The traditional dialogue with EU institutions that FIC has for five years now is a very important step for gaining and sharing most updated information regarding business climate in Serbia. FIC believes that it is of crucial importance that Serbia uses this momentum to accelerate reforms. By engaging in direct communication with representatives of various EU institutions as well as Serbian Government, and sharing deep understanding of both EU and Serbian markets, we provide active support to the process of EU integration and thus can help the acceleration of reforms. European institutions were as always encouraged to actively support Serbia, because mutual collaboration is needed for bringing Serbian market closer to EU rules and practices.
How this dialogue evolved over the last five years and what were the most tangible effects so far?

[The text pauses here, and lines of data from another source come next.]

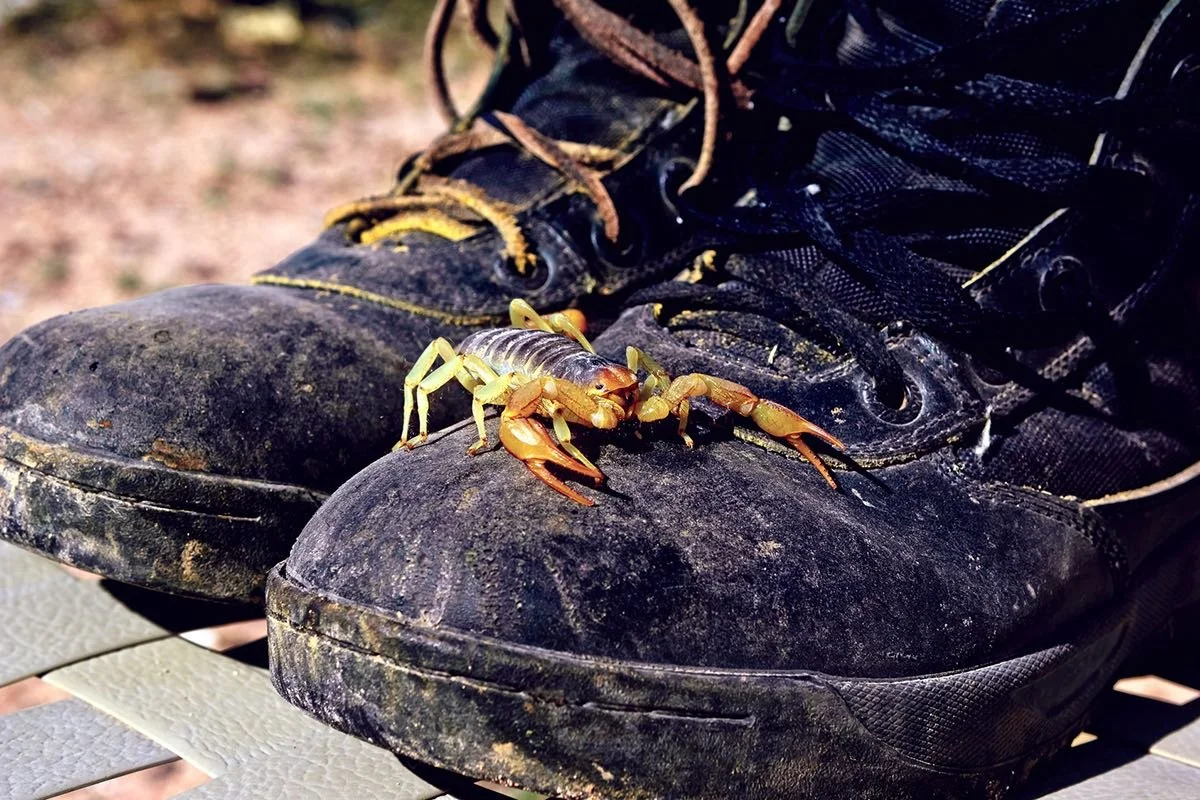 Small scorpion on black work boots
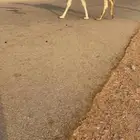 للبيع قعود لقي علياني جده عليان بعير الامير سلطان بن محمد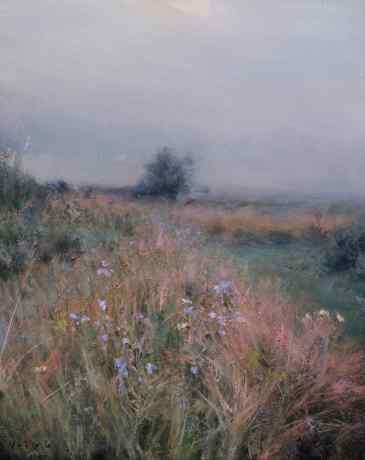 Сумерки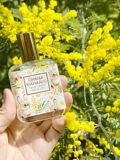 Часть специального предложения!Япония Limited Ohana Mahaalo Perfum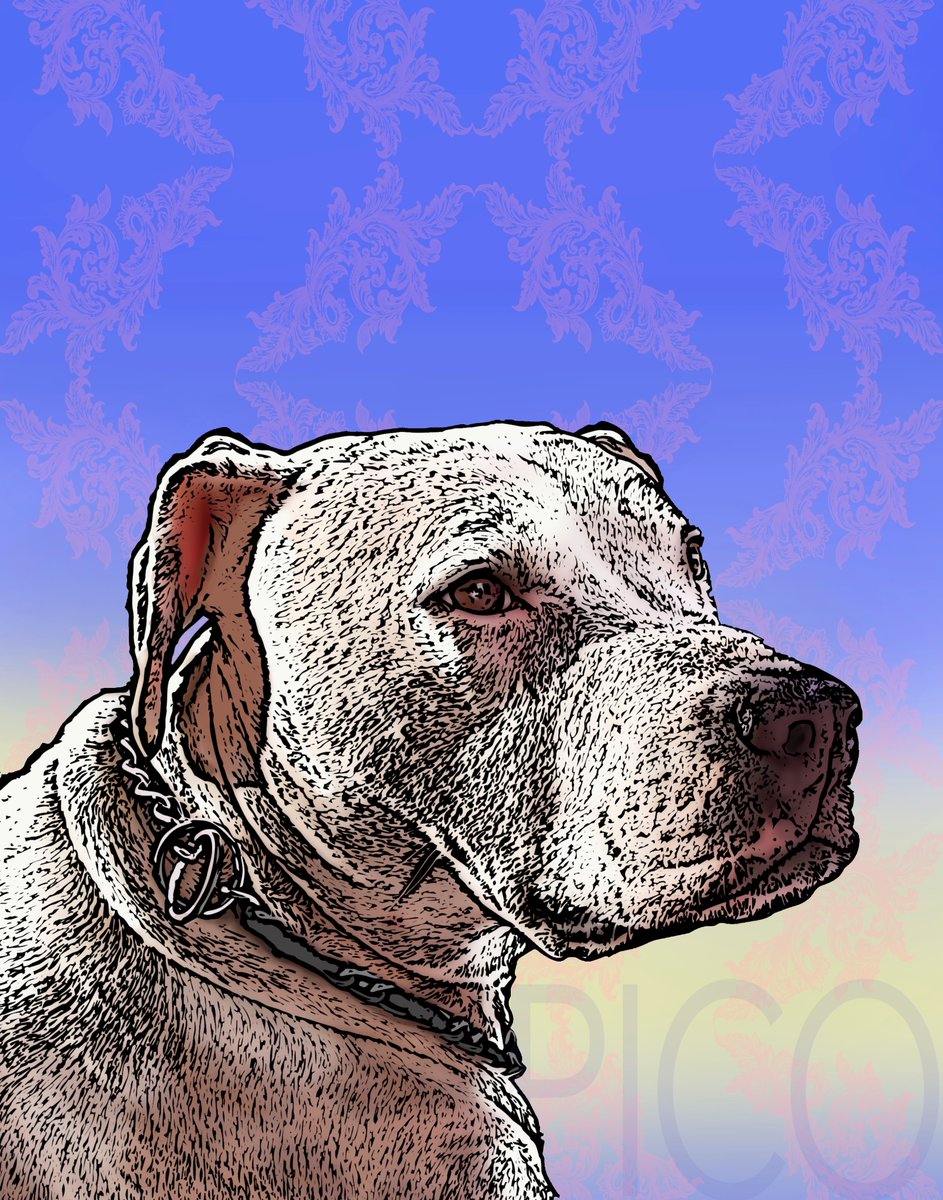 Kimball Hall (@kimballhallfoto) on Twitter photo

As every dialogue on regular basis, this dialogue of course evolved over time. In particular, exchange of information about key challenges in the Serbian business climate proved to be beneficial for the process of EU negotiations, especially when it comes to law implementation in Serbia. During the years, and as a follow up of each visit, FIC regularly and meticulously continued to share with all parties, meaning EU institutions, Serbian Government as well as all other important stakeholders, its analysis of current and future regulations providing proposals for their improvement. The most tangible results achieved so far, reflect in subsequent positive changes of many different laws important for doing business on this market. Implementation of FIC proposals would bring benefits to the citizens, the state and all investors and will definitely raise the overall business climate to a higher level. This is the ultimate goal of the Foreign Investors Council.
What was your major message for the EU interlocutors this year?
During visit this year, FIC conveyed that Serbia continues steady but moderate progress in reforms, which has secured stability, but is not enough to reach the set goal. In order to catch up with EU level of economic development – stronger economy and higher standard of living – Serbia needs to speed up the reforms and accelerate accession negotiations.
How do you see your role in accelerating the Serbian EU accession process and the pace of reforms?
FIC is ready to be a private sector focal point in the EU negotiation process. We have a unique capability to provide active support to the process of EU integration, as over 70% of FIC members come from EU and other members have footprint on EU market. Thus, FIC has deep understanding of both EU and Serbian markets and can help the smooth transition of Serbian market into EU.
What should be at the top of the Government’s list when it comes to the alignment of the business climate in Serbia with the EU standards?
Special attention needs to be devoted to achieving sustainable fiscal consolidation (structural reforms, especially privatization and corporatization of state-owned enterprises) and improving law implementation, especially in tax area (strengthening tax administration). In the discussions with EU institutions, we underlined instrumental importance of reforms in the following fields: tax, labour, trade and inspections, food safety, real-estate, digitalization& e-commerce, telecommunications, and general legal framework (specifically bankruptcy and foreign exchange regulations).